Libya on edge before first post-Gaddafi election
Calls for a boycott and other unrest on the eve of Libya's first vote since the overthrow of longtime dictator Moammar Gadhafi raised fears of election violence, even as campaigning came to an end Friday for a contest seen as a milestone on the country's rocky path toward democracy.
The Saturday election of a 200-member transitional parliament caps a messy nine-month transition after a ruinous 2011 civil war that ended in October with the death of Gadhafi, whose four-decade rule left the country deeply divided along regional, tribal and ideological lines.
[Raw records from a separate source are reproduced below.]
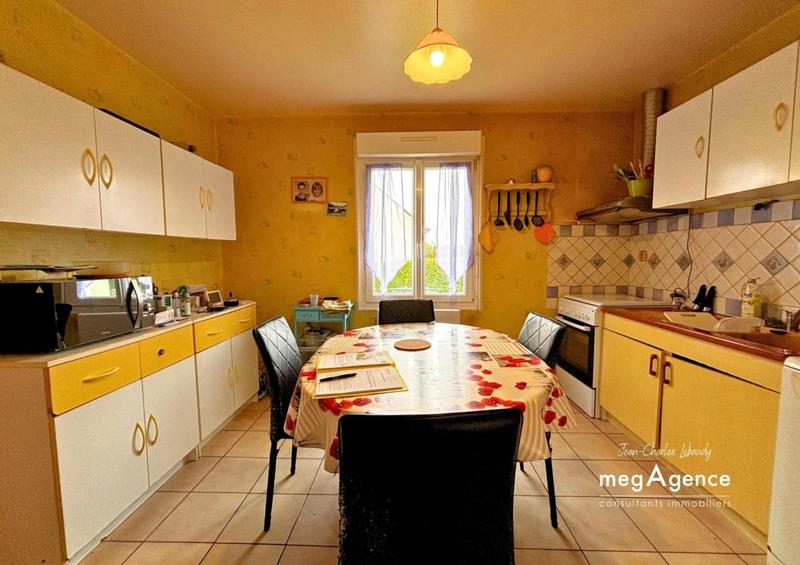 Maison - 93 m² - 5 pièces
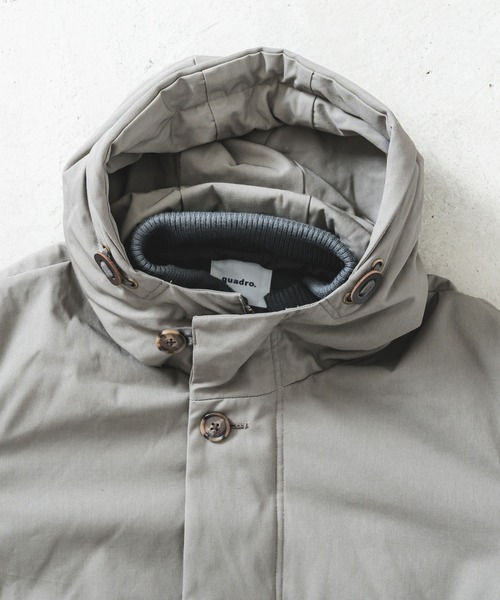 quadro（クオドロ）の「コットン/ポリエステル強撚ツイル中綿パーカーブルゾン（その他アウター・メンズ・チャコール/グレー・MEDIUM/LARGE）」の4枚目の写真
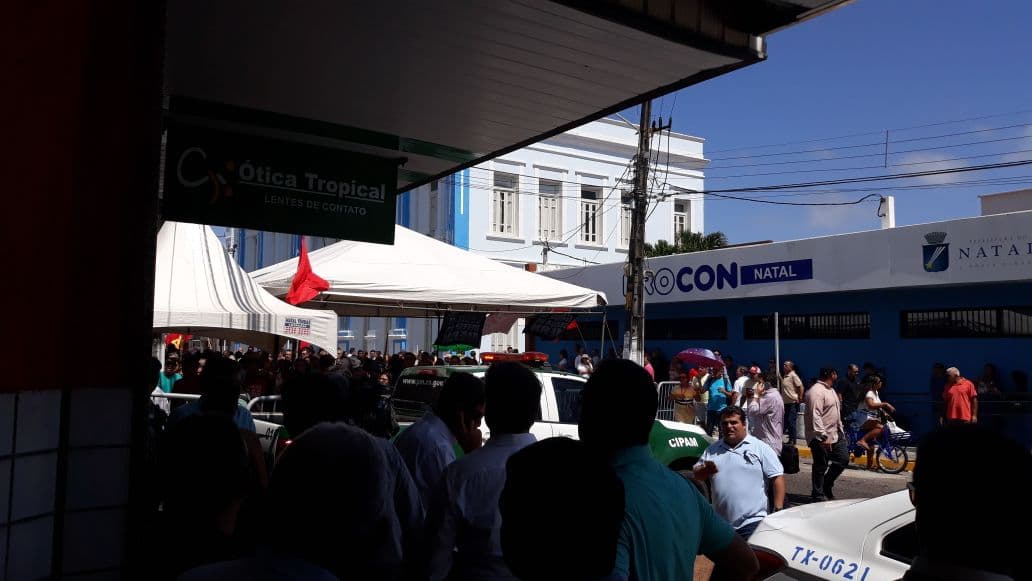 FOTOS E VÍDEOS: Tropa de Choque reforça segurança de entorno da AL em Natal, em manifestação contra pacote de ajuste fiscal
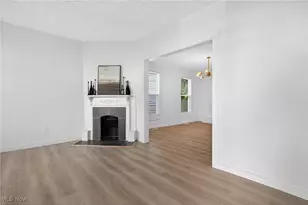 2066 W 105th St, Loveland, OH 44102 - Photo 3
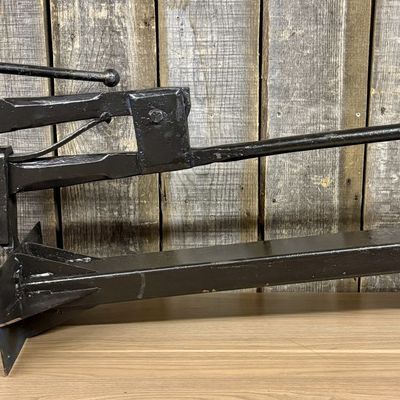 Sale Photo Thumbnail #502: Antique Blacksmith Post Leg Vise on Pedestal Floor Stand
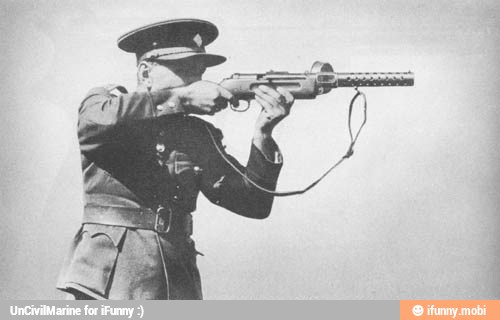 Le Pistolet-mitrailleur MP 18 / I de 1918 Ukxp5e10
The parliament will elect a new transitional government to replace the one appointed by the National Transitional Council that led the rebel side during the eight-month war and held power in its aftermath.
Many in Libya's oil-rich east feel slighted by the NTC-issued election laws, purportedly based on population, that allocate their region less than a third of the parliamentary seats, with the rest going to the western region that includes Tripoli and the sparsely-settled desert south.
In what it called an attempt to defuse east-west tensions, the NTC decreed on Thursday that the new parliament will not be responsible for naming the panel that will draft a new constitution. Instead, the drafters will be directly elected by the public in a separate vote at a later date.
But this has not satisfied some in the east, who press for a boycott.
"We don't want Tripoli to rule all of Libya," said Fadlallah Haroun, a former rebel commander in the east's regional capital Benghazi.
Late Thursday, former rebel fighters from the east shut down three eastern oil refineries - in Ras Lanouf, Brega and Sidr - to press the transitional government to cancel the vote, Haroun said. He added that militiamen also have cut the country's main coastal highway linking east to west.
Earlier this week, ex-rebel fighters and other angry protesters in Benghazi and in the nearby town of Ajdabiya attacked elections offices, setting fire to ballot papers and other voting materials.
Haroun said boycott supporters would take to the streets on election day to "prevent people from voting, because this is a vote that serves those who stole the revolution from us." He said they would not take up arms but when asked how they would stop voters, he said, "We will see tomorrow."
Many in the west are equally dissatisfied with the decree, saying it will undercut the authority of the new parliament.
"The National Transitional Council acts like a rooster with its head cut off," said Yassar al-Bashti, a candidate with the liberal Free Libyans Party. "They want to weaken the new parliament after their failures over the past months."
The vote also will be a test of the strength of Islamist parties, which have gained influence in Libya and other nations following the ouster of authoritarian regimes run by strongmen like Gadhafi and Egypt's Hosni Mubarak. Groups vying for power range from the politically savvy Muslim Brotherhood to the ultraconservative Salafis and former jihadists.
Late Thursday, just before a 24-hour pre-vote ban on campaigning went into effect, supporters of the Justice and Construction party co-founded by the Muslim Brotherhood marched through the streets of Tripoli carrying the party's flags. The Alliance of National Forces, led by secular-leaning former premier Mahmoud Jibril, paraded in cars plastered with party posters. The National Front, which descends from a Gadhafi-era opposition movement, lit the sky over the capital with fireworks.
A day earlier, the former rebel commander and former jihadist Abdel-Hakim Belhaj, who co-founded the Homeland, or Al-Watan party, spoke to hundreds of supporters in the heart of Tripoli, endorsing democracy that will serve Islamic Shariah law.
Those four parties are seen as front-runners in a highly unpredictable race.
Libyan observers however say that voters are likely to cast ballots based on personalities they know, rather than ideology. In this conservative, almost entirely Muslim country, nearly all politicians accord Shariah a role in the constitution.
The NTC also decreed Thursday that the new constitution will definitely give a role to Islamic law, a move that appeared intended at preventing parties from turning the race to an Islamist-versus-secular contest.
Some 2.8 million voters, out of more than three million eligible, have registered for the polls. New parliamentary elections are to be held in 2013, after the constitution is drafted and approved in a referendum.
Observers expect that no party is likely to win an outright majority and the shape of the final government will likely depend on post-election alliances.
"We might see the Justice and Construction party striking alliance with Jibril's party, or we might see all Islamists forming one bloc in parliament," said Mohammed Bu-Sedr, a political prisoner during the Gadhafi era who now serves as adviser to the NTC's head and is running as an independent candidate in Benghazi.